Visualizing single cell RNA- Sequencing data over time
Group: Irshad Badarpura, Abdul Wahhab, Christian Rivera (CS)
This project was developed to create a visualization tool that can be used for visualizing single-cell RNA Sequencing data over time and allow the users to compare how a particular gene changed between multiple timepoints for a specific cell of interest.
Final Projects Fall 2019
Visualizing Large Synoptic Survey Telescope Supernovae Data
Group: Ryan Nishimoto, Pavana Doddi, Anjali Yadla (CS)
Visualize existing supernovae (SNe) data alongside projected Large Synoptic Survey Telescope (LSST) data.
PowerVIS: A Novel Way of Seeing On-Chip Power Delivery Networks
Group: Farid Kenarangi (ECE), Saisuma Dodda, Luis Arredondo (CS)
Visualize on-chip power delivery networks to detect early stage design violations.
Exploring the Novelty of Metaphors through Visualization
Group: Ja Eun Yu, Sudha Anusha Sagi, Deblina Roy (CS)
Tool that helps users to explore the network of metaphor words through
visualization and gives users insights into the patterns and commonalities of word-to-metaphor
relationships.
Visualizing Symptom Clusters for Head and Neck Cancer Patients
Group: Carla Floricel, Naveen Kumar Sangi, Nitya Mula (CS)
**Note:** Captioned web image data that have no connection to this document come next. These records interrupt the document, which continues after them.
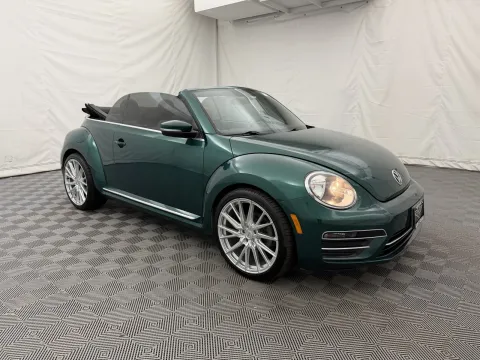 More photos of 2017 Volkswagen Beetle Convertible 1.8T S at Autos of Chicago, IL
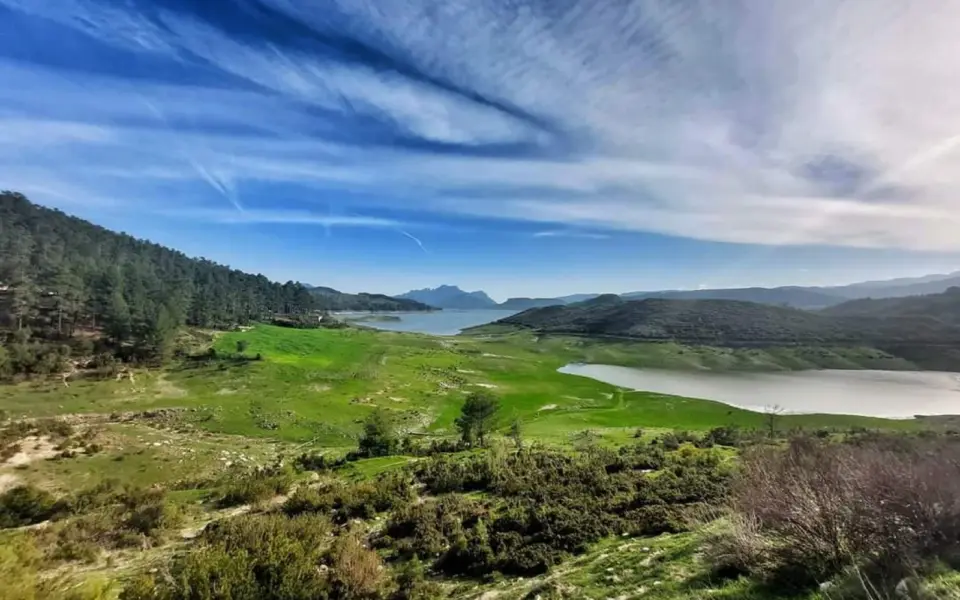 Wandern im Taurusgebirge und am Lykischen Weg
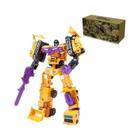 22 CM Mini Devastator Transformação 6 Em 1 Robô Figura De Ação Brinquedo Para Crianças Melhor - WLYX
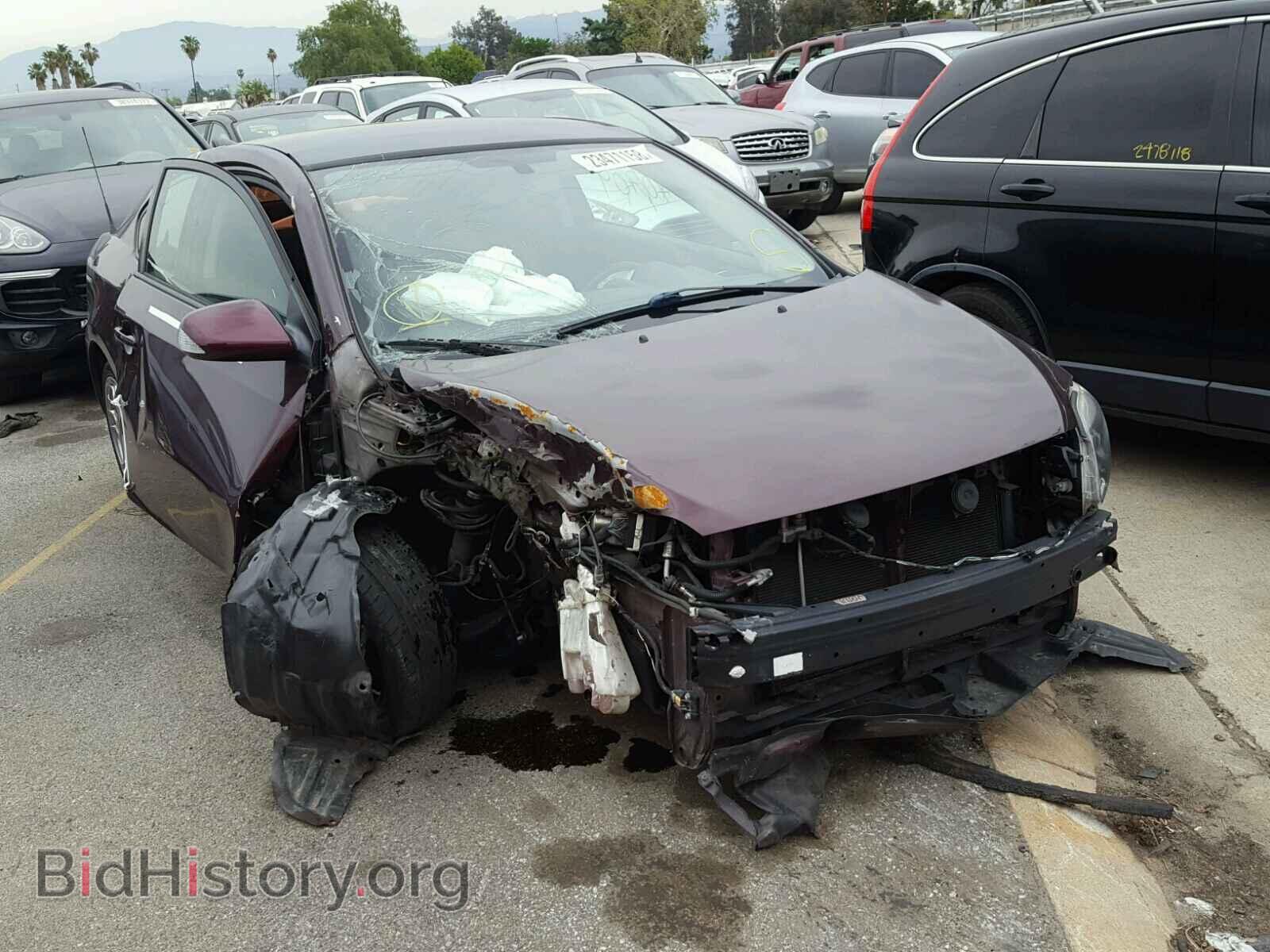 Фотография JTKDE177570217655 - TOYOTA SCION 2007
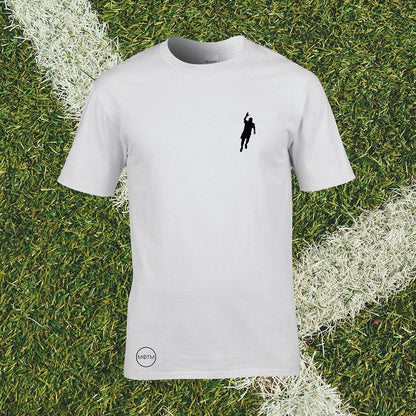 Alan Shearer Celebration T-Shirt - Man of The Match Football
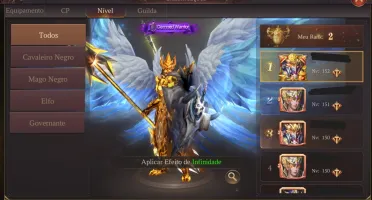 Mu Dark Epoch Conta Top1 Equip Em disputa pelo TOP1lv TOP3cp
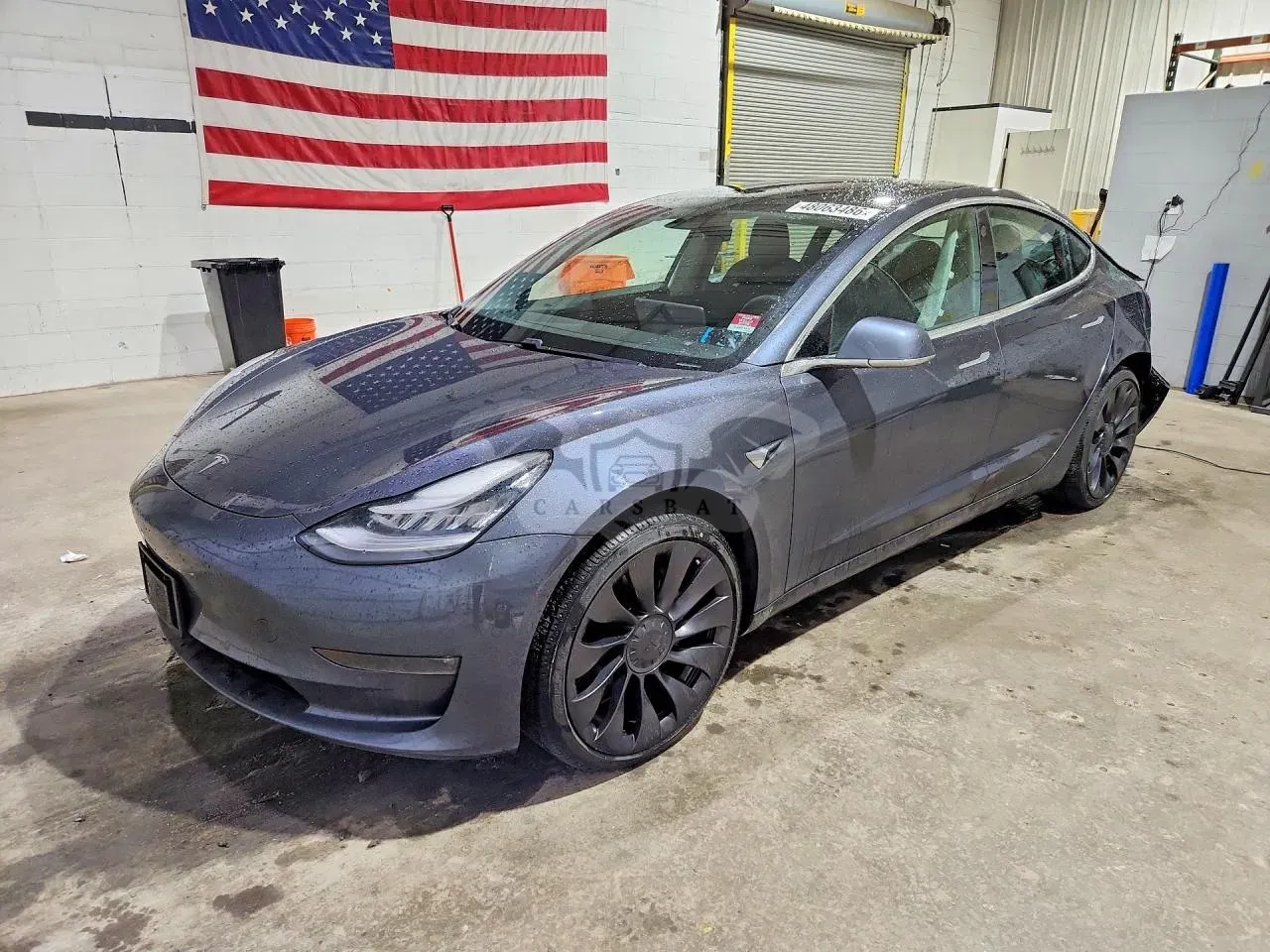 Tesla Model 3 2020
This project aims to help researchers and clinicians to visualize in the most efficient way over
100 patients’ background and symptom information in order to detect and characterize clusters
which is an important step in discovering more about cancer treatment and improving patients’
quality of life.
Visualization of Loss Landscapes in Neural Nets to Identify Minima of Loss Functions
Group: Varunya Yanamadala, Ramana Rao Akula, Sai Aakarsh Reddy (CS)
The idea of the project is to understand the geometry of the loss function landscape in terms of
sharpness or flatness and to estimate on the loss function values.
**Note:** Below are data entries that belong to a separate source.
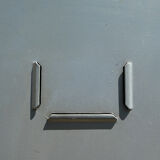 Former 3-door workshop locker room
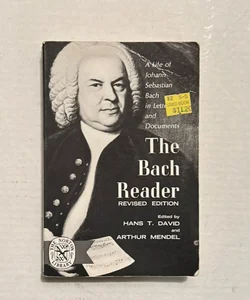The Bach reader 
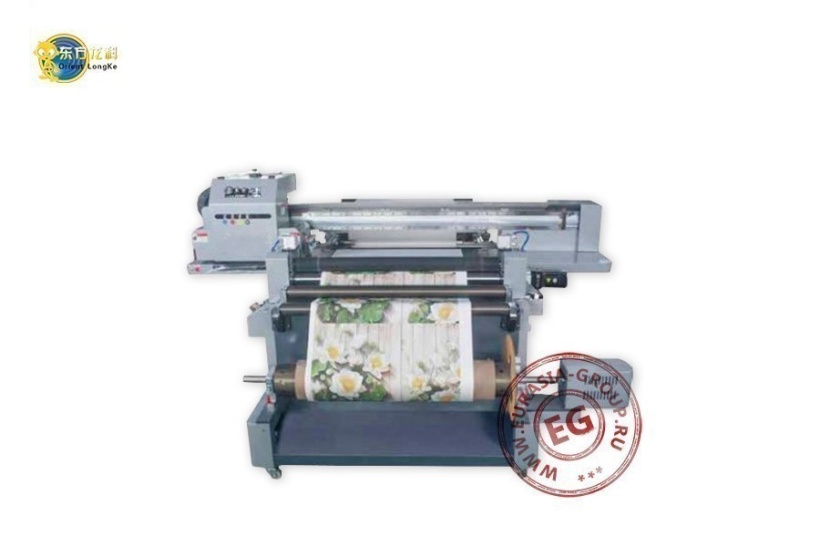 Планшетный УФ-принтер LK-1000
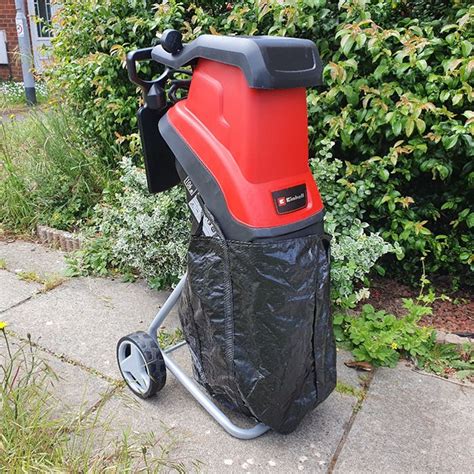 Einhell GC-KS 2540 Garden Shredder: Tested (2025 Review UK)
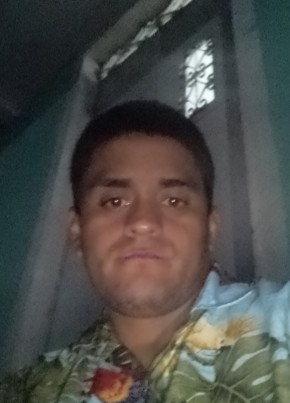 Cesar, 36, República de Guatemala, Mazatenango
Visualizing the Climatic Research Unit Data to Improve Forecasts of Glacier Evolution and Climate Change
Group: Ruby Salazar, Praveen Chandrasekaran, Sai Krishnan Thiruvarpu(CS)
The aim of the project is to create a visualization system that will help users visualize how
different climate factors and relationships affect the physical mechanisms of glaciers.
Visualization of the Universe
Group: Shiyong Li, Peihong Man (Physics), Lanxin Zhang (CS)
Visualization of the formation of the universe thorugh dark matter simulation.
Identifying Similarities and Dissimilarities between UIC/MDACC RT Plan Data
Group: Md Nafiul Alam Nipu, Sanjana Srabanti, Samujjwaal Dey (CS)
Radiation therapy is a primary modality to treat head and neck, cancer patients. In this paper, we propose a novel approach to correlate similarities and differences between cancer patients. The system will use head and neck cancer patients’ data from UIC and MDACC and visualize the similarities and dissimilarities in terms of dose prescription, dose distribution, tumor size, presence of lymph node, etc. The system will introduce an efficient way for the users to analyze the data to reach and understand a decision in an easy and proficient manner.